(SOURCE MATERIAL)
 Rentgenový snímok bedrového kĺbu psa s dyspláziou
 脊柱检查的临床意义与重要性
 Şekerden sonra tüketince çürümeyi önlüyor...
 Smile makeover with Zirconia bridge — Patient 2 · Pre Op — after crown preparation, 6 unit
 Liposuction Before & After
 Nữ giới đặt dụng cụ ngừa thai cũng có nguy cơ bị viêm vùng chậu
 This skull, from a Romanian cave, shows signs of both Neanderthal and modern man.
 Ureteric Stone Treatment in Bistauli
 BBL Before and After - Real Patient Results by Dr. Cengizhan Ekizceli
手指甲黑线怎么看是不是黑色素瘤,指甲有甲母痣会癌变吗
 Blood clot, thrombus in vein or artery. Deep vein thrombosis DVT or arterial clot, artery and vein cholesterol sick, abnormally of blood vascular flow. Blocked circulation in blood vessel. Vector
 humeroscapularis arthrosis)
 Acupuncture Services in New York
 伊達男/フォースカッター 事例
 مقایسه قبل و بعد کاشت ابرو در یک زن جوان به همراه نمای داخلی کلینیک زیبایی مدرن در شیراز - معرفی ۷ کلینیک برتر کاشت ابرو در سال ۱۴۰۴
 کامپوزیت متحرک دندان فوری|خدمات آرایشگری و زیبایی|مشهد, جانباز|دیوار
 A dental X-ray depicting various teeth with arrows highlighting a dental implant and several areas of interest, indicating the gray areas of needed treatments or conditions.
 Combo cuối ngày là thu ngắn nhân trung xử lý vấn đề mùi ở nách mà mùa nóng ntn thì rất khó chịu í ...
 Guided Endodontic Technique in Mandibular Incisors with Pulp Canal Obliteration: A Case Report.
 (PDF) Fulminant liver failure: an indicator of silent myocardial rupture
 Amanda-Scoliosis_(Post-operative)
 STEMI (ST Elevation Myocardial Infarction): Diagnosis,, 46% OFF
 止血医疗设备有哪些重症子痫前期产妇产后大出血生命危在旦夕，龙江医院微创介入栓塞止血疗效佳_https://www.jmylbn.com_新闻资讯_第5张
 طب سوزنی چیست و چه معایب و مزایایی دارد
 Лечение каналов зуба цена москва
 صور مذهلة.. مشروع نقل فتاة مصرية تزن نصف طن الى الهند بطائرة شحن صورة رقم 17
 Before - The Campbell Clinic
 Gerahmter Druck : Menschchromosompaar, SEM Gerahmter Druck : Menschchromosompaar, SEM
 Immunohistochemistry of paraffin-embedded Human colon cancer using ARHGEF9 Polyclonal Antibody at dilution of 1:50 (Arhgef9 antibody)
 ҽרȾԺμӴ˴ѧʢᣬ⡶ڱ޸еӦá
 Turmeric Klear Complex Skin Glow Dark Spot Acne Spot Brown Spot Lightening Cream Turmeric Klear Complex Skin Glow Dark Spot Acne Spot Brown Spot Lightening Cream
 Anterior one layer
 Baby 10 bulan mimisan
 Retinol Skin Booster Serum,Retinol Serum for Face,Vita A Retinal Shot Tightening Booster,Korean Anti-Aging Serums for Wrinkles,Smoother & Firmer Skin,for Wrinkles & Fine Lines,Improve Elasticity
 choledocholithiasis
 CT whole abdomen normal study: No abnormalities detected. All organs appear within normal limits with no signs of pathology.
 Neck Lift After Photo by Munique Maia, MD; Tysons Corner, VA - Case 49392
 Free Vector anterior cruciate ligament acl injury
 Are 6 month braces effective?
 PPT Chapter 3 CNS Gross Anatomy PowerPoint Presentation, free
(End SOURCE MATERIAL)
YOUR OBJECTIVE :: Above are some records; extract every one of them exactly.

RESPONSE AREA ::
 Rentgenový snímok bedrového kĺbu psa s dyspláziou
 脊柱检查的临床意义与重要性
 Şekerden sonra tüketince çürümeyi önlüyor...
 Smile makeover with Zirconia bridge — Patient 2 · Pre Op — after crown preparation, 6 unit
 Liposuction Before & After
 Nữ giới đặt dụng cụ ngừa thai cũng có nguy cơ bị viêm vùng chậu
 This skull, from a Romanian cave, shows signs of both Neanderthal and modern man.
 Ureteric Stone Treatment in Bistauli
 BBL Before and After - Real Patient Results by Dr. Cengizhan Ekizceli
手指甲黑线怎么看是不是黑色素瘤,指甲有甲母痣会癌变吗
 Blood clot, thrombus in vein or artery. Deep vein thrombosis DVT or arterial clot, artery and vein cholesterol sick, abnormally of blood vascular flow. Blocked circulation in blood vessel. Vector
 humeroscapularis arthrosis)
 Acupuncture Services in New York
 伊達男/フォースカッター 事例
 مقایسه قبل و بعد کاشت ابرو در یک زن جوان به همراه نمای داخلی کلینیک زیبایی مدرن در شیراز - معرفی ۷ کلینیک برتر کاشت ابرو در سال ۱۴۰۴
 کامپوزیت متحرک دندان فوری|خدمات آرایشگری و زیبایی|مشهد, جانباز|دیوار
 A dental X-ray depicting various teeth with arrows highlighting a dental implant and several areas of interest, indicating the gray areas of needed treatments or conditions.
 Combo cuối ngày là thu ngắn nhân trung xử lý vấn đề mùi ở nách mà mùa nóng ntn thì rất khó chịu í ...
 Guided Endodontic Technique in Mandibular Incisors with Pulp Canal Obliteration: A Case Report.
 (PDF) Fulminant liver failure: an indicator of silent myocardial rupture
 Amanda-Scoliosis_(Post-operative)
 STEMI (ST Elevation Myocardial Infarction): Diagnosis,, 46% OFF
 止血医疗设备有哪些重症子痫前期产妇产后大出血生命危在旦夕，龙江医院微创介入栓塞止血疗效佳_https://www.jmylbn.com_新闻资讯_第5张
 طب سوزنی چیست و چه معایب و مزایایی دارد
 Лечение каналов зуба цена москва
 صور مذهلة.. مشروع نقل فتاة مصرية تزن نصف طن الى الهند بطائرة شحن صورة رقم 17
 Before - The Campbell Clinic
 Gerahmter Druck : Menschchromosompaar, SEM Gerahmter Druck : Menschchromosompaar, SEM
 Immunohistochemistry of paraffin-embedded Human colon cancer using ARHGEF9 Polyclonal Antibody at dilution of 1:50 (Arhgef9 antibody)
 ҽרȾԺμӴ˴ѧʢᣬ⡶ڱ޸еӦá
 Turmeric Klear Complex Skin Glow Dark Spot Acne Spot Brown Spot Lightening Cream Turmeric Klear Complex Skin Glow Dark Spot Acne Spot Brown Spot Lightening Cream
 Anterior one layer
 Baby 10 bulan mimisan
 Retinol Skin Booster Serum,Retinol Serum for Face,Vita A Retinal Shot Tightening Booster,Korean Anti-Aging Serums for Wrinkles,Smoother & Firmer Skin,for Wrinkles & Fine Lines,Improve Elasticity
 choledocholithiasis
 CT whole abdomen normal study: No abnormalities detected. All organs appear within normal limits with no signs of pathology.
 Neck Lift After Photo by Munique Maia, MD; Tysons Corner, VA - Case 49392
 Free Vector anterior cruciate ligament acl injury
 Are 6 month braces effective?
 PPT Chapter 3 CNS Gross Anatomy PowerPoint Presentation, free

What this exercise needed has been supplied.